Lee invaded the North on three occasions, one in 62, one in 63, and the final one being with Early in 64. Each of those times it was an operationally offensive move, for a strategically defensive purpose, those being to clear the enemy from your own territory(62-63) or to take pressure off of yourself by operational distraction. Neither of those motives bodes well for the force that is forced to adopt them. You win wars by being on the strategic offensive, and your operational moves must compliment and fulfill those strategic intentions.
Lee given the above must also seek battle on his own terms and never that of the enemy. At Gettysburg he did the antithesis, and let the time and place of battle be chosen for him by the other guy. Lee was consolidating his army against Buford's cavalry division and I and XI Corps much faster than the Union Army could bring up troops (which was essentially over one road). Had he fought them, beat them as he did, then withdrew back from whence he came, Gettysburg would have been considered a confederate victory, and he could have then sought ground which would force the Union to seek him again, and attack him under less than favorable circumstance.
Gettysburg from a Union perspective on that first day though was a textbook example of the use of cavalry screening forces, handing off the battle to a larger and more capable covering force, and at the end of the day falling back on the assembling main body. Their combined efforts bought a full day of time, and Lee ignored just how good they were in doing what they did.
Longstreet remarked to Lee at the end of that first day that if Meade was up on that ridge in the morning he want's you to attack him.

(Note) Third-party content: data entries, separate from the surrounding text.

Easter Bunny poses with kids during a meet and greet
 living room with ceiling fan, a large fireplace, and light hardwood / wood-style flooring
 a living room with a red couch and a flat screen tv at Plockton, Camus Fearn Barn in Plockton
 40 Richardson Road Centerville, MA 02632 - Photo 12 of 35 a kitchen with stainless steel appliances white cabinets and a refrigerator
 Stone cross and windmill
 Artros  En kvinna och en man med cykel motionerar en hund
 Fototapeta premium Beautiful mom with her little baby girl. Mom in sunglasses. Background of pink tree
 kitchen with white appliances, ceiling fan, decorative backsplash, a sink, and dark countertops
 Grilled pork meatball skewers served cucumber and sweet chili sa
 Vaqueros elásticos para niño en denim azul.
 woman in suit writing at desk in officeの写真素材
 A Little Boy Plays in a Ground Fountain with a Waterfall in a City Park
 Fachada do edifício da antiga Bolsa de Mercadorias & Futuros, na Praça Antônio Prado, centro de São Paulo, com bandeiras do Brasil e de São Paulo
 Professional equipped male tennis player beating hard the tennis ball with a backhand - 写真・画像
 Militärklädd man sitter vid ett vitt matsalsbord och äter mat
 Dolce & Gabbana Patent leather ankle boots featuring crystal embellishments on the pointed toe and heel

Maneuver counseled Longstreet, maneuver (or get your army's ass kicked).
I did not even go into the logistics of this affair, but safe to say when you go into Pennsylvania, it is best not to be beholden to a two hundred mile long very vulnerable supply line.
So could the confederates have won Gettysburg? I would say yes. Could the confederates have won Gettysburg with Lee commanding? Given his "mindset for battle" I would rate it somewhere between highly doubtful and virtually impossible. In that campaign and on that evening of the critical first day he was playing sandlot ball with the New York Yankees.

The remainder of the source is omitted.